2.1. Characteristics of Patients

Table 1 shows the initial characteristics of patients depending on the type of plaque (stable/unstable) and the presence of AO. Groups of men with and without AO were comparable in age, SBP, DBP, smoking status, the presence of type 2 diabetes (there were no patients receiving GLP-1 agonists), creatinine level, and GFR regardless of the type of plaque. Smokers were those who currently smoke at least one cigarette a day. All patients had established hypertension and took antihypertensive drugs until reaching the target blood pressure values.
The presence of dyslipidemia in patients of both groups was taken into account when the level of lipids and lipoproteins increased above the optimal value [16]. Based on the very high risk of all patients included in the study, dyslipidemia was established at an LDL level > 55 mg/dL, as well as at a TG level > 150 mg/dL. Regardless of dyslipidemia in the anamnesis, all patients with coronary artery disease received high-intensity statin therapy in the maximum tolerated dosages (rosuvastatin 20–40 mg and atorvastatin 40–80 mg).
Table 2 shows the content of adipokines depending on the presence of AO in patients with stable and unstable atherosclerotic plaques.

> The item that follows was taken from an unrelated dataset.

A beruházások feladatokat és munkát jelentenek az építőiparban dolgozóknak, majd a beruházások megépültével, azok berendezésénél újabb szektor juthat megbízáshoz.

2.2. Differences between Subgroups of Patients with AO and without AO in Patients with Unstable Plaques

Table 2 also shows the content of adipokines depending on the presence and absence of AO in patients with unstable atherosclerotic plaques. When analyzing subgroups of patients depending on the type of plaque and AO, no differences were obtained between patients with stable plaques with AO and without AO. In the subgroup of patients with unstable plaques, patients with AO had a GLP-1 level that was 1.5 times higher (502.78 [355.71; 945.32] vs. 17.04 [13.01; 33.24], p = 0.044) and a lipocalin-2 level that was 2.1 (208.24 [157.64; 430.48] vs. 440.72 [205.98; 790.07], p = 0.027) times lower, respectively.
At the next stage, all the studied parameters were included in the model of logistic regression analysis of AO and adipocytokine associations in patients with unstable plaques (Table 3). AO was taken as a dependent variable.
According to the results of logistic regression analysis, GLP-1 is directly and lipocalin-2 is inversely associated with the presence of AO in patients with unstable atherosclerotic plaques. All the studied indicators were included in the ROC analysis with an assessment of sensitivity and specificity.
Given the poor quality of the model for lipocalin-2 (AUC 0.306), the results of the ROC analysis can be concluded only for GLP-1 (Figure 1). The level of GLP-1 ≥ 396.114 pg/mL with a sensitivity of 75% and specificity of 68% is associated with the presence of AO in patients with unstable plaques in the CA (AUC 0.676, p = 0.044).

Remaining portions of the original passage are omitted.